Here’s some Global Gossip with a difference. Yesterday, on another unnaturally warm winter morning, I opened my email to find an amazing early spring scene from my cousin Beryl in Vancouver, a photo so surreal I thought at first that Beryl had been busy with PhotoShop. But on further reading I discover that there are indeed parts of the Trans-Canada Highway where not only elk may safely pass, but bears, moose, cougar, wolves, and bighorn sheep are also all invited to go over, under or along their own private lane to avoid fatal contact with the horseless carriage.
“For all of you that may not know it,” says Beryl, “this is the actual turnoff from Banff to the [Trans-Canada] # 1 highway to Calgary”
I was so intrigued by Beryl’s picture I spent some time Googling random searches such as ‘elk crossing Banff highway.’ A strange story of human perversity emerges in the development of the Trans-Canada Highway which goes bang smack through the most ecologically wild and wonderful part of Banff National Park. With no hint of irony the Parks Canada website acknowledges that during the 1980s people were concerned by the increasing numbers of collisions between vehicles and large mammals (no doubt the elk, moose, bears etc weren’t all that chuffed either).
The solution, accepted by the Canada Parks and Wilderness Society (CPAWS), is to make more room for both cars and wildlife. ‘Twinning the Trans Canada Highway’ means doubling the road from two lanes to four lanes but alongside that goes fencing to keep unfortunate animals from straying on to the ribbon of death bisecting their territory, and what CPAWS calls “one of the best testing sites of innovative wildlife roadway crossings in the world”.

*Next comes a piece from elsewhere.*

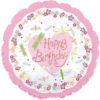 Happy Birthday Foil Balloon with Dragon Fly Design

It seems to be working though ecologists are not completely satisfied. While ‘twinning’ makes slow progress (because it costs a hell of a lot of money), CPAWs are carrying out research to find out how many and what kind of animals actually use these extraordinary imaginative feats of engineering(just take a look on the Parks Canada website at the variety of wildlife crossing over and under TCH). So far, a length of string interwoven with barbed wire has picked up encouraging evidence of black and grizzly bears and the search goes on.